The Accidental Londoner… or How I Fall in Love with London

Given the nature of this website, I thought it would make sense to start a blog by explaining why I gave up my native city of Paris for London, and never looked back. Of course, the British tabloids might still occasionally describe the French as “cheese eating surrendering monkeys” and we like to joke about the “Roast beefs” from the “Perfidious Albion”… And yet, as a French person, there is so much to enjoy about calling London “home”, as the 300,000 or so of my compatriots who have settled in the British capital could testify.

As a Frenchie who has lived in London for almost eleven years, I am often asked -usually by my English friends- why I should have left beautiful Paris for their capital. The truth is that the decision was a practical compromise at the time -linked to factors including a boyfriend, a job and the desire to be closer to my family after a two-year stint in Sydney- rather than a choice based on a deep passion for this city.

Of course, I had always liked London, which I first discovered aged five on a one-day trip with my parents, who used to come here to shop (apparently good value at the time).
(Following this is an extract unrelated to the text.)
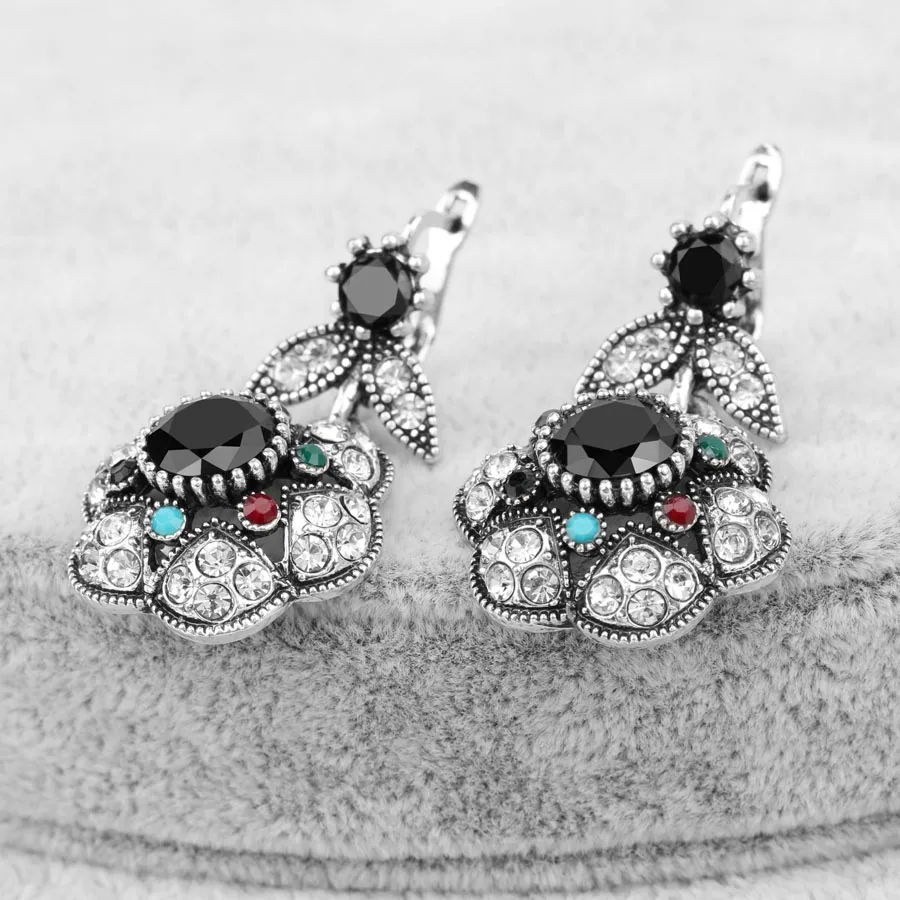 Кинельская богемская бижутерия в стиле ретро с кристальными цветочными серьгами для женщин серебристого цвета: серьги для помолвки и аксессуары для вечеринок.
I then spent a week in South Kensington as an 18-year old, where I stayed in a flat belonging to a famous English screenwriter. In true Frog mode, I insisted to go to Café de Paris to listen to my then favourite DJ, a quintessentially Parisian man called Alfred de Paname (“Paname” meaning “Paris” in French slang), who used to hop to Londonevery Wednesday to dispense his own brand of retro music magic -including 1950s radio jingles in French- to an unsuspecting and slightly perplex crowd of British party goers. I then stayed during my student days with friends in Notting Hill, before the film and the bankers invasion, when it was getting seriously trendy but still considered risky to walk alone in All Saints Road (unless you were a drug dealer or suicidal).

Yet despite the fact that I always seemed to have a good time in London, loved British music, Ruth Rendell and Monty Python, it never crossed my mind that I would one day live here. I remember replying to a university friend who had told me that she planned to move toLondon: “But why would you do that? It is just like Paris, only with worse weather!”

And yet, here I was, in October 1999, having just arrived in rainy London not as a tourist but as a new resident. And in a matter of days I realised that I had found the perfect metropolis for me: not as beautiful as Paris but more charming; just as energy-fuelled as New York but without the in your face aggressiveness; almost as exotic as Hong Kong but with the added bonus of a language I could speak. The parks, the houses, the village atmosphere, the people spreading out of pubs after work, all those things that I had been too young to appreciate earlier struck a chord when London became home.

And since then, not a day has passed that I haven’t thought how lucky I am to live here. Of course, nothing is really ever perfect and like most Londoners, I would appreciate a real summer, with sun and heat lasting for more than three consecutive days (although we are incredicly spoilt at the moment so it does happen). But there are things that make up for it. For example, I never stop being amazed that you can live in such an big city yet walk for hours in Hampstead Heath with squirrels and the occasional fox as your only companions: something taken for granted by London-born people but pretty amazing for someone raised in Paris, where the green patches -which are rare- are admittedly beautiful but meant to be admired from a distance rather than walked on.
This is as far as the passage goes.